(Stored dataset items)
------------------------------

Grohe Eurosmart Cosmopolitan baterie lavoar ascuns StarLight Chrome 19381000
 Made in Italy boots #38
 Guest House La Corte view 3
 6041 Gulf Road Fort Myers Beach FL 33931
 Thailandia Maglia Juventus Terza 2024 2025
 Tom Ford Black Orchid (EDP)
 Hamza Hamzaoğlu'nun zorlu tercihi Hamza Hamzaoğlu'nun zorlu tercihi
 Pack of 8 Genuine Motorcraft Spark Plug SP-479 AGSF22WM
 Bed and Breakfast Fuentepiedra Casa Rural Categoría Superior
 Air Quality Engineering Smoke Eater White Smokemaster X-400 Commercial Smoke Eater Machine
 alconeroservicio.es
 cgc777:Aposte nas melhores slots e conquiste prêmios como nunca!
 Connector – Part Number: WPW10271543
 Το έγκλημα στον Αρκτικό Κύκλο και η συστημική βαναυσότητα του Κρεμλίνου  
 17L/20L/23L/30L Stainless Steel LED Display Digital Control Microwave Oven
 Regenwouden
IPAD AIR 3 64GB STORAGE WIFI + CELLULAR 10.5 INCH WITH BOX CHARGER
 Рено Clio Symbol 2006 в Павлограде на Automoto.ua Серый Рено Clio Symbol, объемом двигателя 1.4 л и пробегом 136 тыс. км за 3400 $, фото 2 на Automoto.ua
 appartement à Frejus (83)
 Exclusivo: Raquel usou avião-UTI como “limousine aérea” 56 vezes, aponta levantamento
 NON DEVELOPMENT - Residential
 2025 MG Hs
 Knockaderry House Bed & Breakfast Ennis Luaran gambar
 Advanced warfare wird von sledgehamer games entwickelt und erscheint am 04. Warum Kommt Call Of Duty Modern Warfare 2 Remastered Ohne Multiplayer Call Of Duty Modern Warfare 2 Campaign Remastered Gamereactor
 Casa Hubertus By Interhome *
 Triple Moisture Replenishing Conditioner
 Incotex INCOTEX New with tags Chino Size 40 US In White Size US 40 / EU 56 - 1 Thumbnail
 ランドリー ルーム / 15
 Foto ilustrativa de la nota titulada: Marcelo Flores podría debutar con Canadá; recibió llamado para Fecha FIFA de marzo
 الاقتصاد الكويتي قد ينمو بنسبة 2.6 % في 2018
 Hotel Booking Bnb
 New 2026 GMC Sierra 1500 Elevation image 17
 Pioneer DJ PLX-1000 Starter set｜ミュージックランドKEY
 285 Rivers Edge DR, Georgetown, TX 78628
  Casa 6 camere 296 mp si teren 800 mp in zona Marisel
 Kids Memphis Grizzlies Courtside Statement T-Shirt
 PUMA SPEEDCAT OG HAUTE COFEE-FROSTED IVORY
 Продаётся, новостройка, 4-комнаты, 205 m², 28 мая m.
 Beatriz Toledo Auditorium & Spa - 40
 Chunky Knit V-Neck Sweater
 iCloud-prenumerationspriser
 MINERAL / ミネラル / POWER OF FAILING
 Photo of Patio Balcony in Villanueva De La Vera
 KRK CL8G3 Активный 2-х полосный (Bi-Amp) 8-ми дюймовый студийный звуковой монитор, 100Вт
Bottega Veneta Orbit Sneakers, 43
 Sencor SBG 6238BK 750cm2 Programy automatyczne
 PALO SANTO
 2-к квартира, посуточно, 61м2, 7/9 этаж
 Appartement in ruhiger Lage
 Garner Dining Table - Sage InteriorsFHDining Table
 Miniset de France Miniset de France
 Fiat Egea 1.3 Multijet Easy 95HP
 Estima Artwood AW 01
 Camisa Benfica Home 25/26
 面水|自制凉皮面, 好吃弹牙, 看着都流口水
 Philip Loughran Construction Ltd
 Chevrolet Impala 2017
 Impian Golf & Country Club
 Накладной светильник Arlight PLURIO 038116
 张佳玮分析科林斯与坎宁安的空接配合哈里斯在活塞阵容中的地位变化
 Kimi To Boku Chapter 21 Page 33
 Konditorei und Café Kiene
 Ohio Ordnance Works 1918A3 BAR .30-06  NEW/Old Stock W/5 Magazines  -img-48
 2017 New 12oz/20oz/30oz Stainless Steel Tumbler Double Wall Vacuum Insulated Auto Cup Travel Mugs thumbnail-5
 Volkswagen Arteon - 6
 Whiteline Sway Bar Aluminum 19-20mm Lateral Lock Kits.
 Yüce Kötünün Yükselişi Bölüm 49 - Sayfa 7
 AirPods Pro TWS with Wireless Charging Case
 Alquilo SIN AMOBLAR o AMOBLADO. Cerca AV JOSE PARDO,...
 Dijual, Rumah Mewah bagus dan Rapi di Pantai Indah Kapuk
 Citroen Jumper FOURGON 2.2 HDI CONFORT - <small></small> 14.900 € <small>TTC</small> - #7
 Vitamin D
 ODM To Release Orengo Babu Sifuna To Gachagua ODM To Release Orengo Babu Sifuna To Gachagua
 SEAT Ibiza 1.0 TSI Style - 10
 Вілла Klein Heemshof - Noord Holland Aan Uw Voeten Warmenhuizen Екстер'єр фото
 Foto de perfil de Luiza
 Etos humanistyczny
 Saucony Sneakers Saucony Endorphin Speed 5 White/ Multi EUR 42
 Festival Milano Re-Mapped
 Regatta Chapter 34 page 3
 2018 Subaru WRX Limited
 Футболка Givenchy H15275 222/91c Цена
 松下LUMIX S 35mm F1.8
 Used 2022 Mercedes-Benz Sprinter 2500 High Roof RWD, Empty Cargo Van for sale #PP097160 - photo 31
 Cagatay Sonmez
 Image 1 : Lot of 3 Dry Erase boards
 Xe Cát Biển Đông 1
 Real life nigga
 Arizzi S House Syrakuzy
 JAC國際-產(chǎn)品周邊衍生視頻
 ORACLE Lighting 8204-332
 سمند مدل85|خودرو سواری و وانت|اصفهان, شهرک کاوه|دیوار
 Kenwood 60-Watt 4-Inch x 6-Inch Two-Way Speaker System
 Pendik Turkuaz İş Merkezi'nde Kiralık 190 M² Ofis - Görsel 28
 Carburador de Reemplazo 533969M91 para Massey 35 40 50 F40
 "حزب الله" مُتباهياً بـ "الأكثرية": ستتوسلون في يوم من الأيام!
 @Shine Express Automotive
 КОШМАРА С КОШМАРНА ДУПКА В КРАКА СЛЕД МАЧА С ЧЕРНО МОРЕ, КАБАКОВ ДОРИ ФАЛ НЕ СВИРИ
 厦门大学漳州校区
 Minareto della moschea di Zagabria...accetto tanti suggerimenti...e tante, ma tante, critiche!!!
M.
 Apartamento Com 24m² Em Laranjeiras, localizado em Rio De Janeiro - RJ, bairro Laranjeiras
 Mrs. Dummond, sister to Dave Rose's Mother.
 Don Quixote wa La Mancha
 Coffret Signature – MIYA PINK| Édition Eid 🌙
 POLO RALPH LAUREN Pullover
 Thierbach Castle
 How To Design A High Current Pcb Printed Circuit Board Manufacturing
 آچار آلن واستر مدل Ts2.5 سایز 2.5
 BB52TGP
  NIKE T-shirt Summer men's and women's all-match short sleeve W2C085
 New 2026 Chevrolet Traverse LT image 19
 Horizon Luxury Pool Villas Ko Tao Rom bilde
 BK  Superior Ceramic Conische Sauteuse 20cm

------------------------------

- What this task involves
Repeat all of the data exactly as given.

- Response area
Grohe Eurosmart Cosmopolitan baterie lavoar ascuns StarLight Chrome 19381000
 Made in Italy boots #38
 Guest House La Corte view 3
 6041 Gulf Road Fort Myers Beach FL 33931
 Thailandia Maglia Juventus Terza 2024 2025
 Tom Ford Black Orchid (EDP)
 Hamza Hamzaoğlu'nun zorlu tercihi Hamza Hamzaoğlu'nun zorlu tercihi
 Pack of 8 Genuine Motorcraft Spark Plug SP-479 AGSF22WM
 Bed and Breakfast Fuentepiedra Casa Rural Categoría Superior
 Air Quality Engineering Smoke Eater White Smokemaster X-400 Commercial Smoke Eater Machine
 alconeroservicio.es
 cgc777:Aposte nas melhores slots e conquiste prêmios como nunca!
 Connector – Part Number: WPW10271543
 Το έγκλημα στον Αρκτικό Κύκλο και η συστημική βαναυσότητα του Κρεμλίνου  
 17L/20L/23L/30L Stainless Steel LED Display Digital Control Microwave Oven
 Regenwouden
IPAD AIR 3 64GB STORAGE WIFI + CELLULAR 10.5 INCH WITH BOX CHARGER
 Рено Clio Symbol 2006 в Павлограде на Automoto.ua Серый Рено Clio Symbol, объемом двигателя 1.4 л и пробегом 136 тыс. км за 3400 $, фото 2 на Automoto.ua
 appartement à Frejus (83)
 Exclusivo: Raquel usou avião-UTI como “limousine aérea” 56 vezes, aponta levantamento
 NON DEVELOPMENT - Residential
 2025 MG Hs
 Knockaderry House Bed & Breakfast Ennis Luaran gambar
 Advanced warfare wird von sledgehamer games entwickelt und erscheint am 04. Warum Kommt Call Of Duty Modern Warfare 2 Remastered Ohne Multiplayer Call Of Duty Modern Warfare 2 Campaign Remastered Gamereactor
 Casa Hubertus By Interhome *
 Triple Moisture Replenishing Conditioner
 Incotex INCOTEX New with tags Chino Size 40 US In White Size US 40 / EU 56 - 1 Thumbnail
 ランドリー ルーム / 15
 Foto ilustrativa de la nota titulada: Marcelo Flores podría debutar con Canadá; recibió llamado para Fecha FIFA de marzo
 الاقتصاد الكويتي قد ينمو بنسبة 2.6 % في 2018
 Hotel Booking Bnb
 New 2026 GMC Sierra 1500 Elevation image 17
 Pioneer DJ PLX-1000 Starter set｜ミュージックランドKEY
 285 Rivers Edge DR, Georgetown, TX 78628
  Casa 6 camere 296 mp si teren 800 mp in zona Marisel
 Kids Memphis Grizzlies Courtside Statement T-Shirt
 PUMA SPEEDCAT OG HAUTE COFEE-FROSTED IVORY
 Продаётся, новостройка, 4-комнаты, 205 m², 28 мая m.
 Beatriz Toledo Auditorium & Spa - 40
 Chunky Knit V-Neck Sweater
 iCloud-prenumerationspriser
 MINERAL / ミネラル / POWER OF FAILING
 Photo of Patio Balcony in Villanueva De La Vera
 KRK CL8G3 Активный 2-х полосный (Bi-Amp) 8-ми дюймовый студийный звуковой монитор, 100Вт
Bottega Veneta Orbit Sneakers, 43
 Sencor SBG 6238BK 750cm2 Programy automatyczne
 PALO SANTO
 2-к квартира, посуточно, 61м2, 7/9 этаж
 Appartement in ruhiger Lage
 Garner Dining Table - Sage InteriorsFHDining Table
 Miniset de France Miniset de France
 Fiat Egea 1.3 Multijet Easy 95HP
 Estima Artwood AW 01
 Camisa Benfica Home 25/26
 面水|自制凉皮面, 好吃弹牙, 看着都流口水
 Philip Loughran Construction Ltd
 Chevrolet Impala 2017
 Impian Golf & Country Club
 Накладной светильник Arlight PLURIO 038116
 张佳玮分析科林斯与坎宁安的空接配合哈里斯在活塞阵容中的地位变化
 Kimi To Boku Chapter 21 Page 33
 Konditorei und Café Kiene
 Ohio Ordnance Works 1918A3 BAR .30-06  NEW/Old Stock W/5 Magazines  -img-48
 2017 New 12oz/20oz/30oz Stainless Steel Tumbler Double Wall Vacuum Insulated Auto Cup Travel Mugs thumbnail-5
 Volkswagen Arteon - 6
 Whiteline Sway Bar Aluminum 19-20mm Lateral Lock Kits.
 Yüce Kötünün Yükselişi Bölüm 49 - Sayfa 7
 AirPods Pro TWS with Wireless Charging Case
 Alquilo SIN AMOBLAR o AMOBLADO. Cerca AV JOSE PARDO,...
 Dijual, Rumah Mewah bagus dan Rapi di Pantai Indah Kapuk
 Citroen Jumper FOURGON 2.2 HDI CONFORT - <small></small> 14.900 € <small>TTC</small> - #7
 Vitamin D
 ODM To Release Orengo Babu Sifuna To Gachagua ODM To Release Orengo Babu Sifuna To Gachagua
 SEAT Ibiza 1.0 TSI Style - 10
 Вілла Klein Heemshof - Noord Holland Aan Uw Voeten Warmenhuizen Екстер'єр фото
 Foto de perfil de Luiza
 Etos humanistyczny
 Saucony Sneakers Saucony Endorphin Speed 5 White/ Multi EUR 42
 Festival Milano Re-Mapped
 Regatta Chapter 34 page 3
 2018 Subaru WRX Limited
 Футболка Givenchy H15275 222/91c Цена
 松下LUMIX S 35mm F1.8
 Used 2022 Mercedes-Benz Sprinter 2500 High Roof RWD, Empty Cargo Van for sale #PP097160 - photo 31
 Cagatay Sonmez
 Image 1 : Lot of 3 Dry Erase boards
 Xe Cát Biển Đông 1
 Real life nigga
 Arizzi S House Syrakuzy
 JAC國際-產(chǎn)品周邊衍生視頻
 ORACLE Lighting 8204-332
 سمند مدل85|خودرو سواری و وانت|اصفهان, شهرک کاوه|دیوار
 Kenwood 60-Watt 4-Inch x 6-Inch Two-Way Speaker System
 Pendik Turkuaz İş Merkezi'nde Kiralık 190 M² Ofis - Görsel 28
 Carburador de Reemplazo 533969M91 para Massey 35 40 50 F40
 "حزب الله" مُتباهياً بـ "الأكثرية": ستتوسلون في يوم من الأيام!
 @Shine Express Automotive
 КОШМАРА С КОШМАРНА ДУПКА В КРАКА СЛЕД МАЧА С ЧЕРНО МОРЕ, КАБАКОВ ДОРИ ФАЛ НЕ СВИРИ
 厦门大学漳州校区
 Minareto della moschea di Zagabria...accetto tanti suggerimenti...e tante, ma tante, critiche!!!
M.
 Apartamento Com 24m² Em Laranjeiras, localizado em Rio De Janeiro - RJ, bairro Laranjeiras
 Mrs. Dummond, sister to Dave Rose's Mother.
 Don Quixote wa La Mancha
 Coffret Signature – MIYA PINK| Édition Eid 🌙
 POLO RALPH LAUREN Pullover
 Thierbach Castle
 How To Design A High Current Pcb Printed Circuit Board Manufacturing
 آچار آلن واستر مدل Ts2.5 سایز 2.5
 BB52TGP
  NIKE T-shirt Summer men's and women's all-match short sleeve W2C085
 New 2026 Chevrolet Traverse LT image 19
 Horizon Luxury Pool Villas Ko Tao Rom bilde
 BK  Superior Ceramic Conische Sauteuse 20cm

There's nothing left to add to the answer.